The UN High Commissioner for Refugees is threatening to end relief operations for Syrian refugees, who currently number 1.3 million and counting, if it doesn’t receive the necessary funds soon. The agency says it has received only a third of the $1 billion it needs through June, and only $400 million of the $1.5 billion donors pledged earlier this year. UN Secretary-General Ban Ki-moon has warned explicitly that absent more funds, UNHCR will have to stop distributing food to refugees in Lebanon next month. And Jordan, which has the largest population of Syrian refugees, is threatening to close its borders to new entrants unless more aid is forthcoming urgently.
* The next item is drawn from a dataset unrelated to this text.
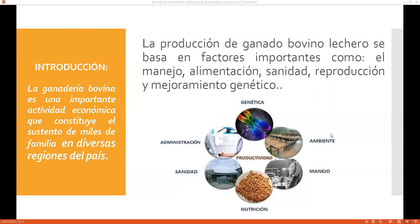También tenemos que entender que hay un punto importante que es la administración y el medio ambiente donde está nuestro ganado. Hoy vamos a hablar únicamente de este punto: la nutrición y la alimentación, porque dentro de este mundo se habla de la formulación del alimento balanceado.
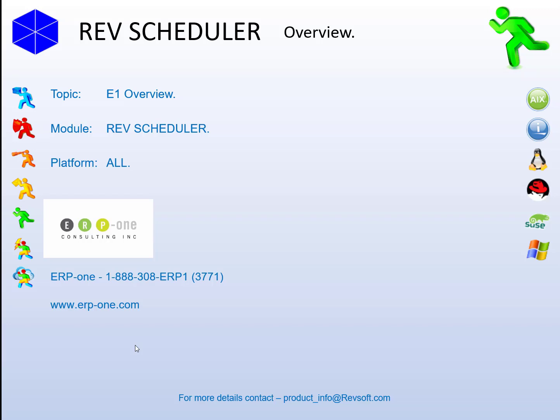Hi there, this is John from Revsoft and this presentation is the application of the theory of how RevScheduler works with E1 on all platforms. We worked on this with our North American E1 partners at ERP1, and all the data and jobs we show are from their AWS cloud server instance, so thanks ERP1.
Meanwhile, another UN agency enjoys comfortable funding of about $1 billion a year to help a very different group of refugees–refugees who generally live in permanent homes rather than flimsy tents in makeshift camps; who have never faced the trauma of flight and dislocation, having lived all their lives in the place where they were born; who often have jobs that provide an income on top of their refugee benefits; and who enjoy regular access to schooling, healthcare and all the other benefits of non-refugee life. In short, these “refugees” are infinitely better off than their Syrian brethren–yet their generous funding continues undisturbed even as Syrian refugees are facing the imminent loss of such basics as food and fresh water. I am talking, of course, about UNRWA.
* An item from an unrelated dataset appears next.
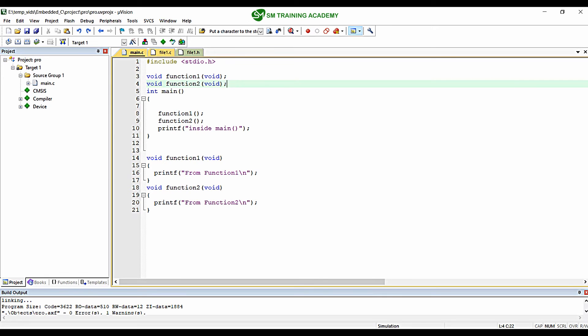Hello everyone. In this video we are going to learn how you can create user-defined source files and header files in Keil µVision IDE. Let's get started.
It has long been clear that UNRWA–which deals solely with Palestinian refugees, while UNHCR bears responsibility for all other refugees on the planet–is a major obstacle to Israeli-Palestinian peace. Since, unlike UNHCR, it grants refugee status to the original refugees’ descendants in perpetuity, the number of Palestinian refugees has ballooned from under 700,000 in 1949 to over five million today, even as the world’s non-Palestinian refugee population has shrunk from over 100 million to under 30 million. Moreover, while UNHCR’s primary goal is to resettle refugees, UNRWA hasn’t resettled a single refugee in its history: By its definition, refugees remain refugees even after acquiring citizenship in another country. It has thereby perpetuated and exacerbated the Palestinian refugee problem to the point where it has become the single greatest obstacle to an Israeli-Palestinian agreement: Israel cannot absorb five million Palestinian refugees (though it could easily absorb the fewer than 50,000 original refugees who still remain alive), yet under UNRWA’s rules, refugee status can’t be ended except by resettlement in Israel.
But an even more basic reason for abolishing UNRWA is the harm it does to the world’s most vulnerable people–real refugees like the Syrians. Were the Palestinians handled by UNHCR like all other refugees are, UNHCR would have the budgetary flexibility to temporarily divert aid from the Palestinians, who need it far less, to people who need it more, like the Syrians today. Instead, it is forced to watch helplessly as Syrian refugees go roofless and hungry while $1 billion in aid is squandered on Palestinians with homes, jobs, and all the comforts of settled life.
Thus, anyone who claims to have a shred of genuine humanitarian concern ought to be agitating for UNRWA’s abolition and the Palestinians’ transfer to UNHCR’s auspices. Unfortunately for the Syrians, it seems that many of the world’s self-proclaimed humanitarians prefer harming Israel to helping those who need it most.